# RECORD SET
========================================
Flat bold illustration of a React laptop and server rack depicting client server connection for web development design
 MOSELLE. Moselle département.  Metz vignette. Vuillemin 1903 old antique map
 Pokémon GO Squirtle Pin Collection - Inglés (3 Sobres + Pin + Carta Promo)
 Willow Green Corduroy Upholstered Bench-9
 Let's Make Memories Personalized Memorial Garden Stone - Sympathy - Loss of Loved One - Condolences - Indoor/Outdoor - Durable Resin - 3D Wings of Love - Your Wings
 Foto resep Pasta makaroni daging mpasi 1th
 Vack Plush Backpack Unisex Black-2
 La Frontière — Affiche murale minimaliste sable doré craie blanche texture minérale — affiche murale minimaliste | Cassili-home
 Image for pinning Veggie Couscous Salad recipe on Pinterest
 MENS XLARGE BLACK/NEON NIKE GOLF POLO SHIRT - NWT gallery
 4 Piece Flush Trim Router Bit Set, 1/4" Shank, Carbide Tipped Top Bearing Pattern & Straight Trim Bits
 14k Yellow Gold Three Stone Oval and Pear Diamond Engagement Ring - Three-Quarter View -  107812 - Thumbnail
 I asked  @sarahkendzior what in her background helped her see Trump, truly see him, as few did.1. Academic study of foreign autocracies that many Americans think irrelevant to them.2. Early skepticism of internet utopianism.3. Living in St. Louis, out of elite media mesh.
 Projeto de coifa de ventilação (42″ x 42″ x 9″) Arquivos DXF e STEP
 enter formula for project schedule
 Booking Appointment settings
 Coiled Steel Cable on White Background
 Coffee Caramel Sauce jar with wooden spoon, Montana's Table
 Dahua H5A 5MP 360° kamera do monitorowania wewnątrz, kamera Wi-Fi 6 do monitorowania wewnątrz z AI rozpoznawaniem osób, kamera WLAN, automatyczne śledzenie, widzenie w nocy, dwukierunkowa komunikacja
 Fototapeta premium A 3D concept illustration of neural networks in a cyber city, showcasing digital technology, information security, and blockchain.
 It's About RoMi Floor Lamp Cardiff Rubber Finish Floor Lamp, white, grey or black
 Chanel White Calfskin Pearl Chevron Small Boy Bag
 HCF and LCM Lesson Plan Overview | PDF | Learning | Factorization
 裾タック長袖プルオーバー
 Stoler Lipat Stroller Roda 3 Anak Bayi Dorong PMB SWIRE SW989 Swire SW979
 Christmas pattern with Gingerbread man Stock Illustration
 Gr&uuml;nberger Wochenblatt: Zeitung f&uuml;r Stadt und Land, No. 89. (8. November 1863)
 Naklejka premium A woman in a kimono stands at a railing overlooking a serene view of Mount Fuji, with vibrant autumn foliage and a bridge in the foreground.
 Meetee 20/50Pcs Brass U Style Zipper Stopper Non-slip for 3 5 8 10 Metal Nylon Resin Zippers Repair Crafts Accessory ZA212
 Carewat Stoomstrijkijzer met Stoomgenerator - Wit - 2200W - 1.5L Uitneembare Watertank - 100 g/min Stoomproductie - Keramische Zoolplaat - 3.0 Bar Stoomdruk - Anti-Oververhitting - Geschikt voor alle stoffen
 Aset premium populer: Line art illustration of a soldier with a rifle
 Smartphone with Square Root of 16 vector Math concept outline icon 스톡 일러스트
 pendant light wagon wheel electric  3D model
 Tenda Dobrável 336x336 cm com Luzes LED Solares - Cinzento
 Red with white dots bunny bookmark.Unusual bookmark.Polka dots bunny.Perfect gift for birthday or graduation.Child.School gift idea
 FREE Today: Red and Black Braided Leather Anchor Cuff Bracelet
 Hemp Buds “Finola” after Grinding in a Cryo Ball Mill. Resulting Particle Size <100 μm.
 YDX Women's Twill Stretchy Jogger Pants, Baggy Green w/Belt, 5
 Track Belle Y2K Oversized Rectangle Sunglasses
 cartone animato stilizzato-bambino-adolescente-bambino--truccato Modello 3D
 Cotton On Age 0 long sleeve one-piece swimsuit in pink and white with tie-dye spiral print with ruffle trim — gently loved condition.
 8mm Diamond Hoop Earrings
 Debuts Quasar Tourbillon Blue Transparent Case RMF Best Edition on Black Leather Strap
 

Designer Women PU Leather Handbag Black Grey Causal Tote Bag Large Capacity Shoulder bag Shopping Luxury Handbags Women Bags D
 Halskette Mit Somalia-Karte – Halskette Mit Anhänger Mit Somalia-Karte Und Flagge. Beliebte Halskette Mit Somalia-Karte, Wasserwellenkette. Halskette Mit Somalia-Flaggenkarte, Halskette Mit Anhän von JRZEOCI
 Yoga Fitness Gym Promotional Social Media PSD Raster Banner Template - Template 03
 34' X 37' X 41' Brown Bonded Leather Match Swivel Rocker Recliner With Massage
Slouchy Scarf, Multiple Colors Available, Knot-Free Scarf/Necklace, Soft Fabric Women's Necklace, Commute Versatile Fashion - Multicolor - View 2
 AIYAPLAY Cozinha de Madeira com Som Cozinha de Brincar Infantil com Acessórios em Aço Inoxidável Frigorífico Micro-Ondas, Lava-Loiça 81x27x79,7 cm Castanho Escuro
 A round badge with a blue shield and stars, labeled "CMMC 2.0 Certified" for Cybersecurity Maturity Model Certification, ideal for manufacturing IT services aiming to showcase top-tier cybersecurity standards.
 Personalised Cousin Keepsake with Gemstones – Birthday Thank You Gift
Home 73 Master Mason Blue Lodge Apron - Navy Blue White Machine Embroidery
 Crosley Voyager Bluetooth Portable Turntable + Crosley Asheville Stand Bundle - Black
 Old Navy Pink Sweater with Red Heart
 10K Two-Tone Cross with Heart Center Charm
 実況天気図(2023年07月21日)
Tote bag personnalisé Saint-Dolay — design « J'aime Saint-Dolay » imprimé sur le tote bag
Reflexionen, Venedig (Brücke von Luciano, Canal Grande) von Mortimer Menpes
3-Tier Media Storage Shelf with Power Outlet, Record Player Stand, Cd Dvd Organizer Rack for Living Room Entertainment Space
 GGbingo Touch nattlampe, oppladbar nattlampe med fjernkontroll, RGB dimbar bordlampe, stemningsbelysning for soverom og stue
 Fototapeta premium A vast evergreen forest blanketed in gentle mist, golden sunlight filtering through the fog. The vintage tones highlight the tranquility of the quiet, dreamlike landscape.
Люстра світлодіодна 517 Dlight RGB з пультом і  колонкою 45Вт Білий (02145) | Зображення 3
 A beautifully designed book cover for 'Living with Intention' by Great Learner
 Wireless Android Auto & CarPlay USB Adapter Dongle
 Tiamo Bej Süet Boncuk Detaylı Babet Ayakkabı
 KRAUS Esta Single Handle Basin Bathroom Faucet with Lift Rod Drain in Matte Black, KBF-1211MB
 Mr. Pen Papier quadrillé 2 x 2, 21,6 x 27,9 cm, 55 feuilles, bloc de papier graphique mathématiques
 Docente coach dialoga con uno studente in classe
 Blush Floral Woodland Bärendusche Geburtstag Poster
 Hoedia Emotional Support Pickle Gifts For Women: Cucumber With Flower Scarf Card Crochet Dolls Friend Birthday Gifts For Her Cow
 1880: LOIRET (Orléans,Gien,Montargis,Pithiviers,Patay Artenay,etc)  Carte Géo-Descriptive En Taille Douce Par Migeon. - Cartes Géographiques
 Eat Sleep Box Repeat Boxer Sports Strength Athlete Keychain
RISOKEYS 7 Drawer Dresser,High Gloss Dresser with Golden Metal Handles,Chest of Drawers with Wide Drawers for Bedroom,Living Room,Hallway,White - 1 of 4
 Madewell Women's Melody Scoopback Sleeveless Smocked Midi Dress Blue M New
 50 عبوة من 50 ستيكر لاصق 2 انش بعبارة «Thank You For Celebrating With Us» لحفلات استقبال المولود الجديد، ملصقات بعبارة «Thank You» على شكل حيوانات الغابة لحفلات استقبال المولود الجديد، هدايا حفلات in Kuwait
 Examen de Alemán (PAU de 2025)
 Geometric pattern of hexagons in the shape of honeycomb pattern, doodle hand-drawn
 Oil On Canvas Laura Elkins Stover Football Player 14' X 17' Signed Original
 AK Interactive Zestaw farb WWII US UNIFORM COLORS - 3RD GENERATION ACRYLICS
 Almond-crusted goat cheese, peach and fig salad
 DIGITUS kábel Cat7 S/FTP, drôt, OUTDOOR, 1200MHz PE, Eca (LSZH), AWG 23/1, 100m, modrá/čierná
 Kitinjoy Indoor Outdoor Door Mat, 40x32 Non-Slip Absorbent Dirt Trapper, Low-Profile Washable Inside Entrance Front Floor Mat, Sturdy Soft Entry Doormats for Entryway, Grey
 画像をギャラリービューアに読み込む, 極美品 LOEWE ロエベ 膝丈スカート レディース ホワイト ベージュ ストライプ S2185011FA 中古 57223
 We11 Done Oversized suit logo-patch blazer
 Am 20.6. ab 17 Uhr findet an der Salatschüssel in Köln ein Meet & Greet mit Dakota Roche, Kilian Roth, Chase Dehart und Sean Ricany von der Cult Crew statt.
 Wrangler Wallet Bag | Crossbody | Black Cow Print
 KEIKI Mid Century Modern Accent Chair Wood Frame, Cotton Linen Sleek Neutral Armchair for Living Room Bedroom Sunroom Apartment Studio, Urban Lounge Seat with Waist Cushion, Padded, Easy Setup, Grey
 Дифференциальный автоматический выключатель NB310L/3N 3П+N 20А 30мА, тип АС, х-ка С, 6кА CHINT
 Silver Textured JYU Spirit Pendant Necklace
========================================
# PROBLEM
Starting at the first line of the entries above, please extract each line up to and including the line with "Booking Appointment settings", unchanged, and add nothing.

# RESULT OF THE EXERCISE
Flat bold illustration of a React laptop and server rack depicting client server connection for web development design
 MOSELLE. Moselle département.  Metz vignette. Vuillemin 1903 old antique map
 Pokémon GO Squirtle Pin Collection - Inglés (3 Sobres + Pin + Carta Promo)
 Willow Green Corduroy Upholstered Bench-9
 Let's Make Memories Personalized Memorial Garden Stone - Sympathy - Loss of Loved One - Condolences - Indoor/Outdoor - Durable Resin - 3D Wings of Love - Your Wings
 Foto resep Pasta makaroni daging mpasi 1th
 Vack Plush Backpack Unisex Black-2
 La Frontière — Affiche murale minimaliste sable doré craie blanche texture minérale — affiche murale minimaliste | Cassili-home
 Image for pinning Veggie Couscous Salad recipe on Pinterest
 MENS XLARGE BLACK/NEON NIKE GOLF POLO SHIRT - NWT gallery
 4 Piece Flush Trim Router Bit Set, 1/4" Shank, Carbide Tipped Top Bearing Pattern & Straight Trim Bits
 14k Yellow Gold Three Stone Oval and Pear Diamond Engagement Ring - Three-Quarter View -  107812 - Thumbnail
 I asked  @sarahkendzior what in her background helped her see Trump, truly see him, as few did.1. Academic study of foreign autocracies that many Americans think irrelevant to them.2. Early skepticism of internet utopianism.3. Living in St. Louis, out of elite media mesh.
 Projeto de coifa de ventilação (42″ x 42″ x 9″) Arquivos DXF e STEP
 enter formula for project schedule
 Booking Appointment settings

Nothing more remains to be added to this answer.